In a 2002 article by The New York Times, “A Surge in Asbestos Suits, Many by Healthy Plaintiffs,” a law professor at Yeshiva University, Lester Brickman, said, "Sick people with legitimate claims represent a tiny fraction of the claims being brought.” In response, Weitz was quoted in the article as saying, "Juries throughout the United States have said that these people deserve compensation . . . You really have to have faith in the jury system."

Politics, campaign contributions and Sheldon Silver

Weitz is a director of the New York State Trial Lawyers Association. The association is "a heavy lobbying presence in Albany," according to The New York Times.

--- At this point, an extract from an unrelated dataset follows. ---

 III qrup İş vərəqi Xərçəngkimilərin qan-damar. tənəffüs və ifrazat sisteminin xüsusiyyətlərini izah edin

In 2010, Kathleen M. Rice, the Nassau County district attorney, ran for New York state attorney general. In 2009, Rice hired Weitz's son, Justin Weitz, as an assistant district attorney. In the 2010 election cycle, Weitz and his partner, along with three other attorneys at Weitz & Luxenberg, contributed a total of $236,698 to Rice's campaign.

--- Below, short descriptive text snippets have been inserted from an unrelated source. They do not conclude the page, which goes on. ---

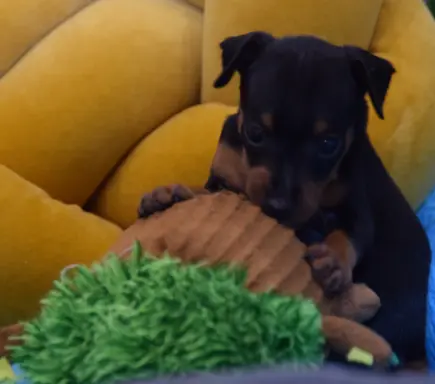 Pinczer Miniaturowy szczenięta ZKWP FCI 7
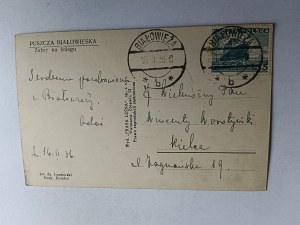 BELOVEZHSKAYA PUSZCZA BIAŁOWIESKA BISON, STAMP, STAMP, 1936, WYD FOREST PRESS
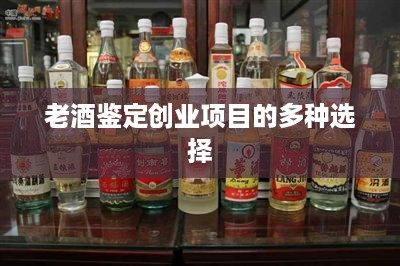 老酒鉴定创业项目的多种选择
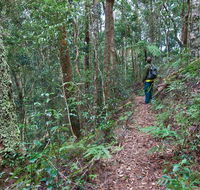 Blackbutt walking track - Accommodation Cairns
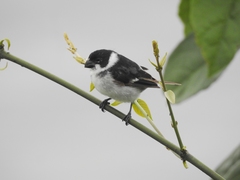 Sporophila americana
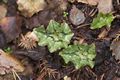 Cyclamen hederifolium-2 Cyklamen bluszczolistny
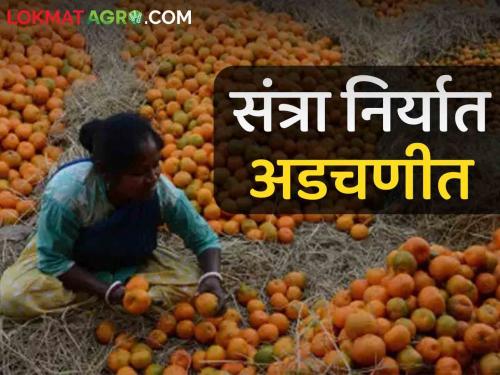 Latest News Orange export in trouble due to chaos in Bangladesh read in detail  | Bangladesh Export : संत्रा निर्यात मंदावली, बांग्लादेशमधील अराजकता शेतकऱ्यांच्या जीवावर, वाचा सविस्तर 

In November 2015, Sheldon Silver, the former speaker of the New York State Assembly, was convicted on bribery and corruption charges. Silver sent $500,000 in state money to an oncologist who in return referred patients to Weitz & Luxenberg. Here is how the arrangement worked:

  1. Silver steered $500,000 in state grants to fund the asbestos research of Dr. Robert N. Taub, Director of Columbia University’s Mesothelioma Center.
  2. Dr. Taub, in turn, referred his patients to Perry Weitz's law firm.
  3. Weitz's firm, in turn, paid Silver $3.9 million for referrals plus $1.4 million in salary, "though he never performs legal work," wrote the New York Times.